The weakest link theory (widely attributed to English writer William James around the time the first punch card system was created) applies here and, as a result, means that companies must look at application risks across their organization and not just app by app. 

At a high level, the risks center on vulnerabilities in the code, misconfiguration, license and IP issues, and general weaknesses in design.  You can mitigate those by following best design practices and code reviews, leveraging application security testing tools like the ones we offer at Black Duck, training, etc. 

More specifically, you have injection types of attacks like SQL and cross-site scripting (XSS) which can lead to security breaches and malware injection. There are areas that impact applications, such as weak authentication and session management, as well as sensitive data exposure, which can lead to data breaches and data exfiltration. 
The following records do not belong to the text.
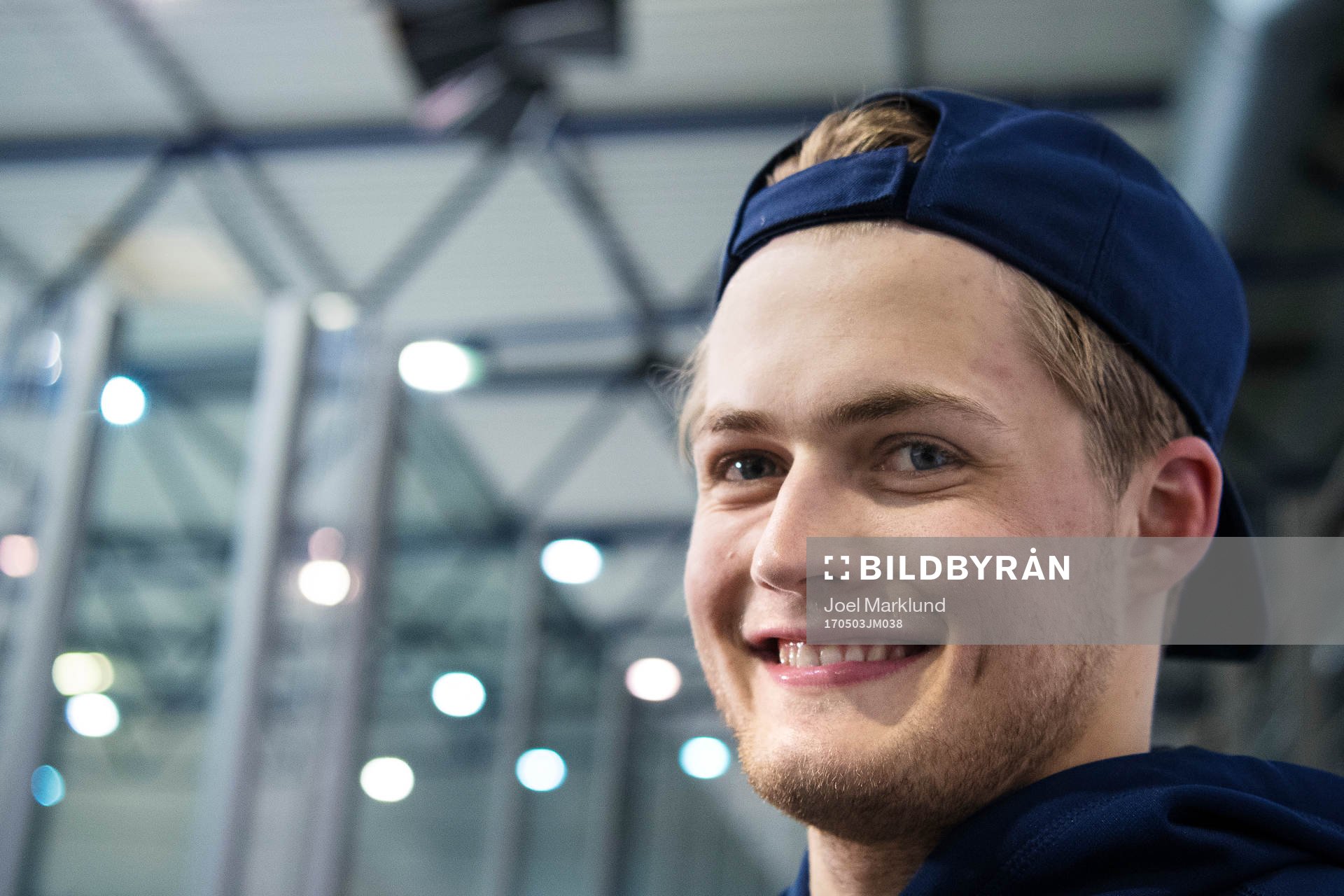 William Nylander ler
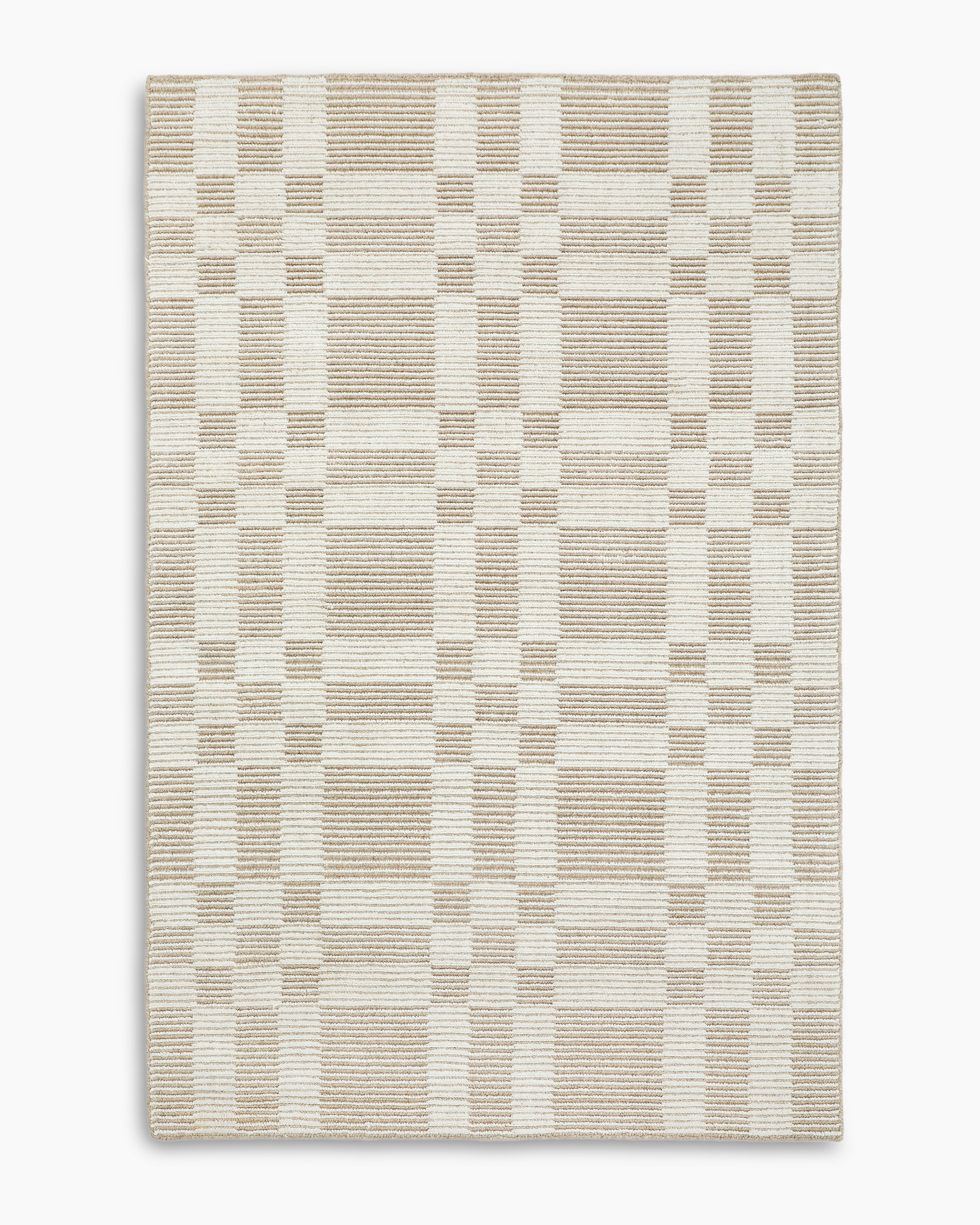 Sand Cove Wool-Blend Rug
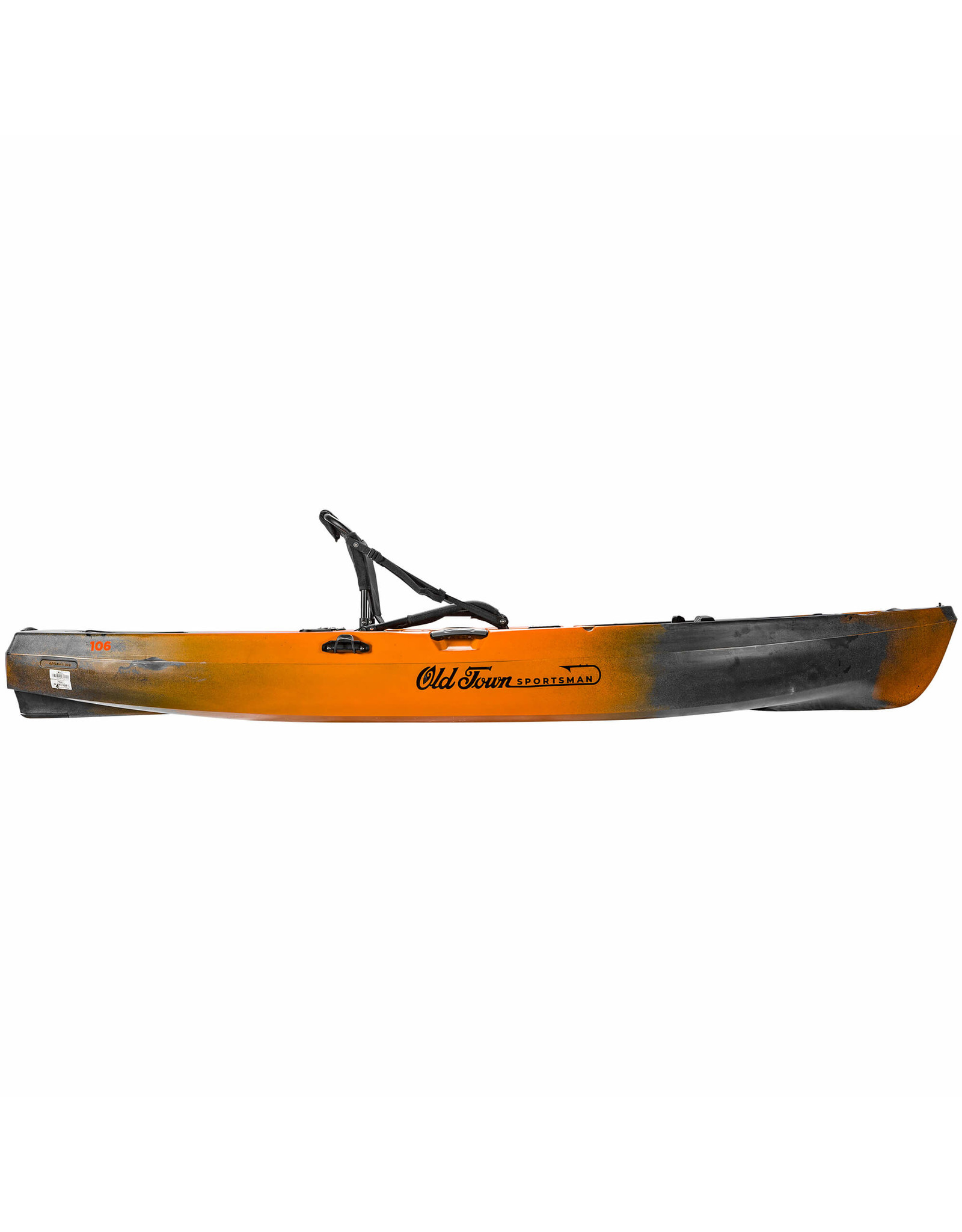 Old Town Old Town Kayak Sportsman 106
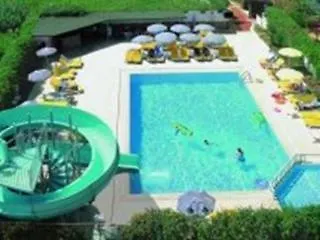 Hotell Sea Bird 3*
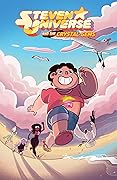 Steven Universe and the Crystal Gems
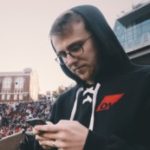 Profile picture of Spencer Tuckerman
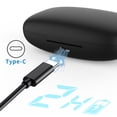 thumbnail image 4 of Auriculares inalámbricos Auriculares Bluetooth 48hrs Play Back Sport Auriculares con pantalla LED Over-Ear Buds con ganchos Auriculares con micrófono incorporado Shuxiu Wang 8390615152952, 4 of 4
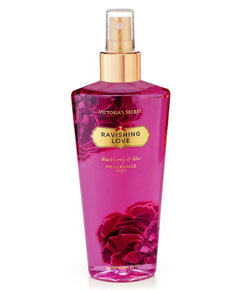 Ravishing Love Fragrance Mist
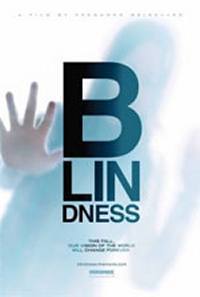 locandina del film BLINDNESS - CECITA'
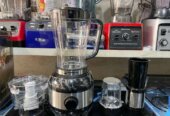 HOFFMAN ELECTRIC MULTI- FUNCTION BLENDER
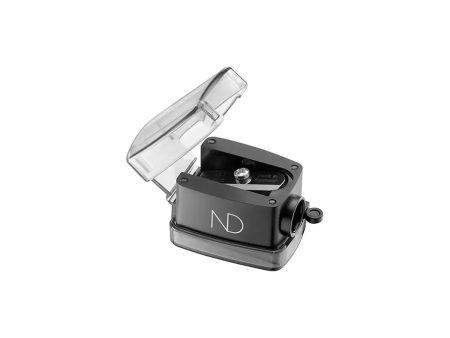 ND PRECISION SHARPENER - מחדד עפרונות איפור For Cheap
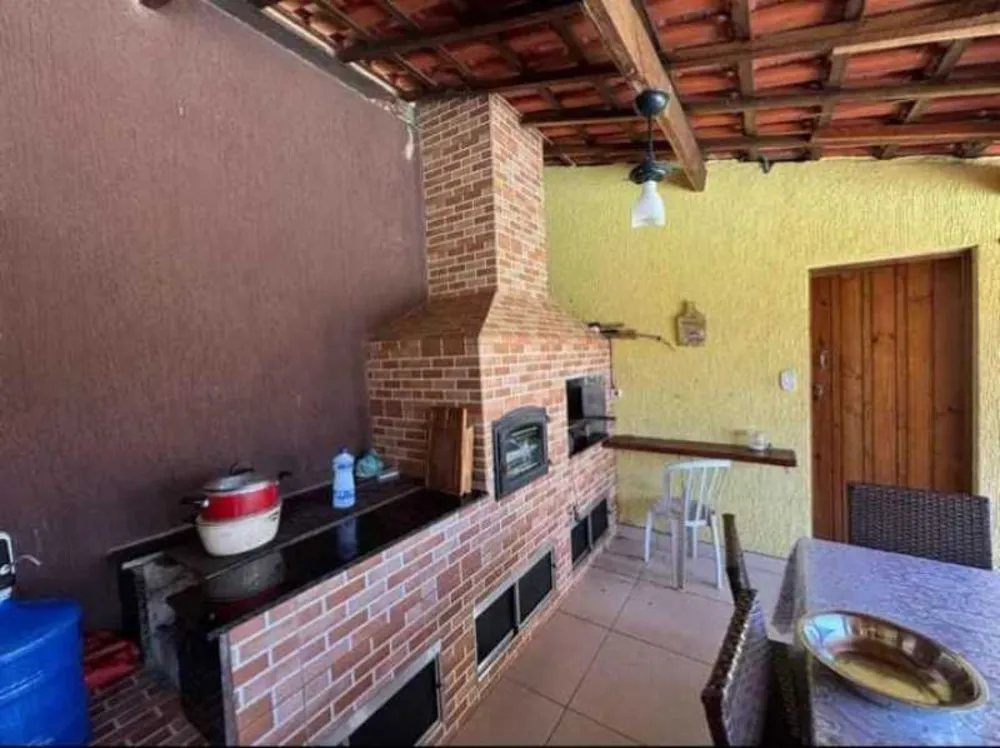 Casa de Vila, 2 quartos - Foto 1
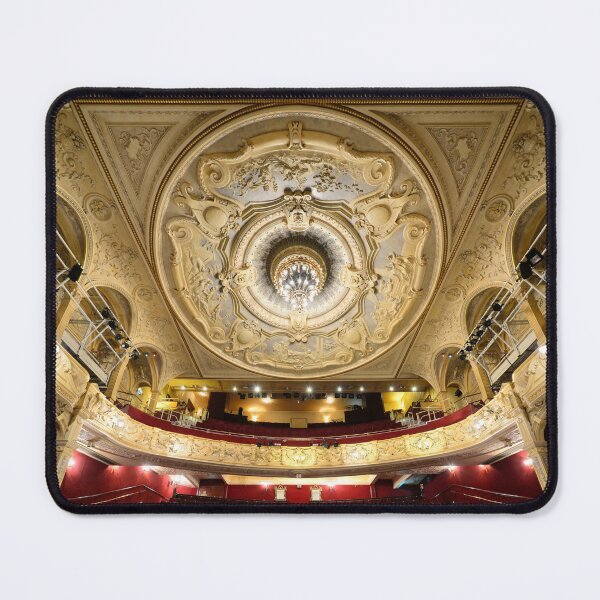 Item preview, Richmond Theatre designed and sold by MarkSykes.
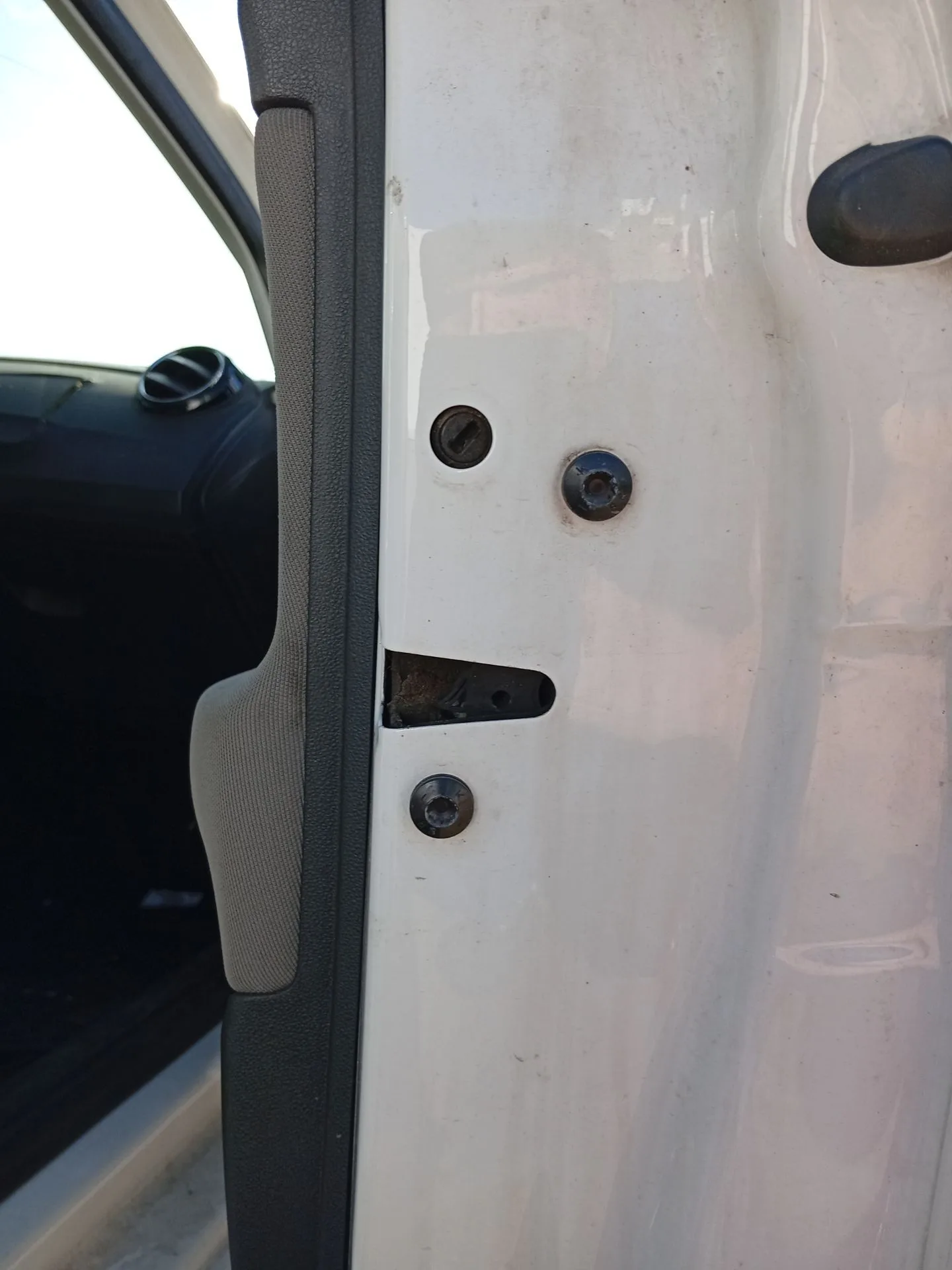 Cerradura Puerta Delantera Derecha para Seat Ibiza Iv St (6J8, 6P8)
These can be mitigated by ensuring MFA is in place, supporting TLS encryption for data in transit, and even leveraging data masking. Some of that goes beyond AppSec but is certainly related to overall application protections. 

And, of course, great practice centers on ensuring you are not including components with known vulnerabilities, such as an outdated library or plugin. Open source software (OSS) security tools like Black Duck SCA can support the mitigation of those issues.

5. Please share your perspective on open-source risk management.

Overall, OSS has known vulnerabilities and license risks that by themselves create risks for the organization creating them. In a supply chain world, the downstream impact is amplified as more companies use 3^rd party software to build their products. 

In the 2025 OSSRA report, 64% of the open source components identified in our scans were transitive dependencies—open source libraries that other software components rely on to function.

These dependencies represent suppliers that are 2 or 3 levels removed from the actual product being used. This is the case in automotive, for example. The result is that the product owner may not be aware of that risk unless sufficiently detailed in the SBOM. 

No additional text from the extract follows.